The auth secret (`<data_dir>/_auth/secret.key`) is created with mode `0600`
on Unix; existing files with looser permissions are re-tightened with a
warning logged on startup.
### Configuration (`grumpydb.toml`)
```toml
[server]
bind = "0.0.0.0:6380"
max_connections = 1024
data_dir = "./data"
[tls]
enabled = true
# cert_file = "server.crt" # auto-generated if absent
# key_file = "server.key"
[auth]
access_token_ttl_secs = 3600 # 1 hour
refresh_token_ttl_secs = 604800 # 7 days
```
### User & tenant management
Connect as server admin via `nc localhost 6380`:
```
LOGIN _system admin <your-bootstrap-password>
TOKEN <jwt>
CREATE TENANT acme
CREATE USER alice@acme s3cr3t
GRANT tenant_admin ON @acme TO alice@acme
LIST TENANTS
LIST USERS @acme
```
### Notation
| `alice` | User `alice` in current tenant |
| `alice@acme` | User `alice` in tenant `acme` |
| `mydb` | Database (or collection if `USE` is active) |
| `mydb@acme` | Database in tenant `acme` |
| `users:mydb` | Collection `users` in database `mydb` |
| `users:mydb@acme` | Collection in database in tenant |
| `@acme` | Tenant scope (for GRANT/REVOKE) |
### Consistency and topology protocol (Phase 40f)
The TCP protocol now exposes coordinator and consistency-locking primitives:
- `TOPOLOGY` returns a JSON cluster snapshot for smart clients.

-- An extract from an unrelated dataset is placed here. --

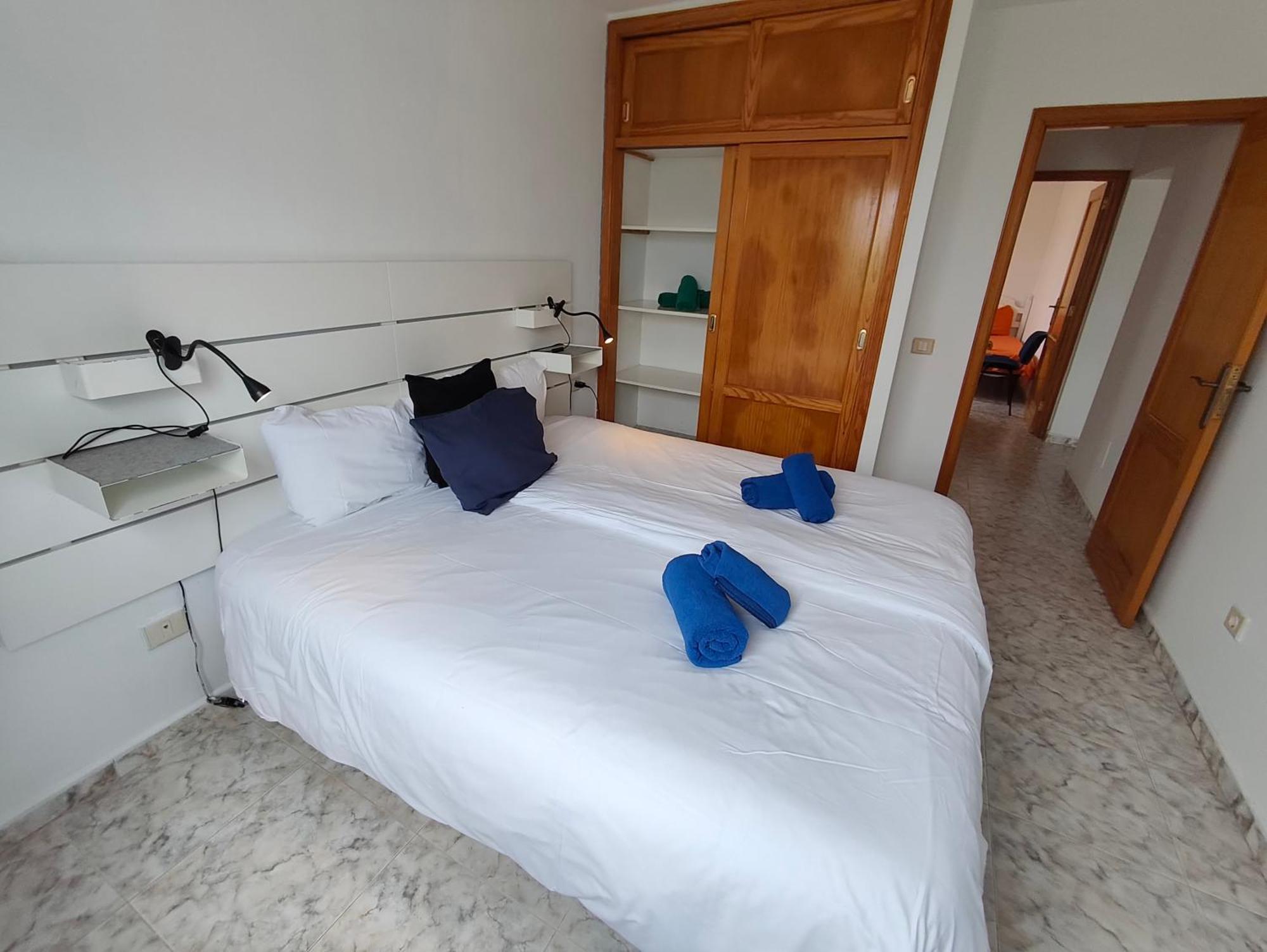 Marysol 1 Apartment With Terrace Close To The Sea Punta Mujeres ภายนอก รูปภาพ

- `READ_CONCERN R=<n>` / `WRITE_CONCERN W=<n>` can prefix data commands.
- `PUT_WITH_VC <collection> <uuid> <json> <vector_clock>` is accepted for
reconciled writes (vector clock validated as JSON).
In v5, the server is intentionally locked to single-owner consistency
(`N=1`, `R=1`, `W=1`):
- Non-default concerns are rejected with `v5 only supports R=1, W=1`.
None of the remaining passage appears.